『伝習録』
でんしゅうろく
王陽明·中世
王陽明の語録
この著作について
明代の儒者・王陽明《おうようめい》の語録と書簡を、弟子の徐愛《じょあい》・銭徳洪《せんとくこう》・王畿《おうき》らが集めて編んだ、陽明学の核心を伝える書物。
【内容】
上・中・下の三巻からなり、朱子学の格物致知を批判する議論が縦横に展開される。心即理の立場から、天理は外の事物のなかにではなく、自分の心のはたらき(良知)として内に備わっているとされ、「心外に理なし」と言い切られる。知と行を二つに切り離すことを強く戒め、「知は行の始め、行は知の成るなり」として知行合一が繰り返される。後年の中心的主題である「致良知」の教えは、心に照らして善悪を知り、そのまま行為に移す実践として提示される。具体的な弟子の質問に答える問答形式が中心で、生活や政事の場面で良知をどう働かせるかが生き生きと語られる。
【影響と意義】
朱子学の知識偏重への対抗として中国思想史を大きく動かし、日本では中江藤樹《なかえとうじゅ》・熊沢蕃山《くまざわばんざん》・大塩平八郎《おおしおへいはちろう》・佐久間象山《さくましょうざん》・吉田松陰《よしだしょういん》・西郷隆盛《さいごうたかもり》らに受け継がれた。幕末の変革期の行動哲学として大きな役割を果たしている。
【なぜ今読むか】
知識だけが増えて行動が追いつかない感覚は、情報過多の現代にこそ痛切である。

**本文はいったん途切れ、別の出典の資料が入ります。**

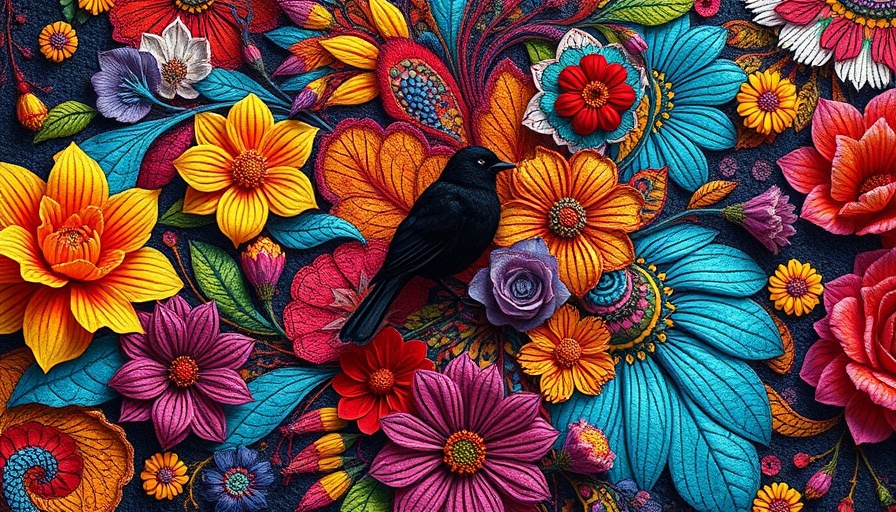Colorful abstract art with bird silhouette and vibrant floral patterns, representing Asheville Community Initiatives.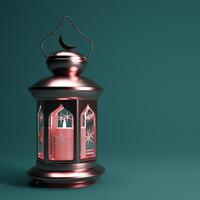Ramadan background with golden Arabic lantern and copy space, 3d render. photo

「知って動かないのは、まだ知らないのだ」という本書の一句は、学びと実践の関係を問い直す強い刺激を与えてくれる。
さらに深く
【内容のあらまし】
本書は王陽明の語録と書簡を、彼の死後に弟子たちが編んだものである。学術論文ではなく、塾の問答や友人への手紙が中心だから、読み心地は驚くほど生々しい。弟子の徐愛、銭徳洪、王畿らが手元に書きとめた言葉が、編年順ではなく主題に沿って並べられている。
上巻の冒頭近くで、徐愛が朱子学の「格物致知」について質問する場面が出てくる。物にあたって理を窮めるとは、どういうことか。王陽明は意外な答えを返す。竹を相手に七日七晩座り込んで「竹の理」を窮めようとしたが、何も得られず病に倒れただけだった、という青年期の体験談がそこに語られる。それ以来、彼は理を心の外に求める朱子の方法を疑い、「心即理」という立場へ転回した。理は事物のなかに散らばっているのではなく、自分の心の働きとしてすでに備わっている、というのが彼の確信である。
中巻に入ると、書簡を中心とした議論が展開される。「答顧東橋書」「答羅整菴少宰書」など、当時の儒学者との論争のなかで、知行合一の主張が繰り返される。「知って行わざるは未だ知らざるなり」、つまり頭で理解しただけで体が動かないなら、それは本当に知ったことにはならない。親への孝を知るとは、親を温め扇ぐ手の動きまで含めての理解である、という具体例が挙げられる。
下巻になると、晩年の王陽明が到達した「致良知」の教えが前面に出てくる。良知とは、善を善とし悪を悪と直ちに知る心の本来のはたらきであり、これは聖人にも凡人にも等しく備わっている。学問とはこの良知に従って、誤った私欲のくもりを払うことに尽きる。弟子が「良知を致すとは、具体的にどうすればよいのか」と尋ねると、王陽明は日常の些細な選択の場で、心がどちらに傾くかをそのまま見守り、傾きをただすことだと答える。
語録の最後には、龍場の駅で悟りを開いた逸話や、戦場での応用のエピソードまで含まれ、思想と人生が一つになった人物の像が立ち上がってくる。